Diversification is working again | Weekly Market Update

7 June, 2024

Of course, if I knew the best performing market over the next 10 years I would simply buy that and  both our clients and I would be happy. It is the fact that you do not know the best performing market that pushes you into diversification. If you are properly diversified you will at least own some of the best performers (and you will also own some of the worst of course). The job of an investment manager is then to handicap these bets to make sure you own more of the good stuff and less of the bad.

We have two broad handicaps on at the moment. The first is we are very reluctant to stand in the way of the US technology juggernauts, so we make sure we have a decent allocation to them. The second is that we are struck (and have been for a while) by just how cheap some of the unloved markets have become (especially the UK, and parts of Europe and the emerging markets). This gives us a barbell of high-quality technology driven winners and some deep value opportunities. To illustrate that barbell here (via Goldman Sachs) are where major markets are currently trading compared to their 20 year averages:


The US is priced like it will continue

Diversification means we own a little bit of all these markets. The barbell comes from the fact we try and be overweight the far left and far right parts of it.
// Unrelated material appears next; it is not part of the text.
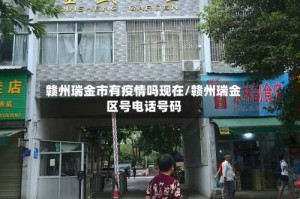 赣州瑞金市有疫情吗现在/赣州瑞金区号电话号码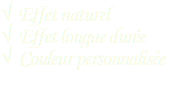 √ Effet naturel √ Effet longue durée √ Couleur personnalisée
A couple of observations here: the first is you can see the bet the market is making that AI will continue to see the US accelerate away from the rest of the world. The US is not just more expensive than everywhere else, but it is quite a bit more expensive than its own 20 year price range. The attraction of balancing this exposure with much cheaper European and Emerging Market stocks looks particularly acute to us today.

The other point worth making is that so far in 2024 this sort of diversification has paid off. Here are 2024 YTD returns:


Diversification has paid off so far this year


You’ll see that European banks (a classic deep value play) have managed to out-perform the Magnificent 7 large US technology stocks so far this year. And that out-performance has in fact been running for a while now. Here is relative performance for European Banks vs US large cap technology since the end of 2020:


European banks - the ultimate value play


At some point, valuations fall enough that if things just don’t get worse you can generate some healthy returns. It looks like the UK and Europe may just have got there. Diversification had a pretty tough run in the 2010s. You should have just owned the US or, even better, the technology heavy Nasdaq. I take some comfort from the fact that for the last few years it looks to be working better.



Chris Brown, CIO

The value of investments may fall as well as rise and you may not get back all capital invested. Past Performance is not a guide to future performance and should not be relied upon. Nothing in this market commentary should be read as or constitutes investment advice.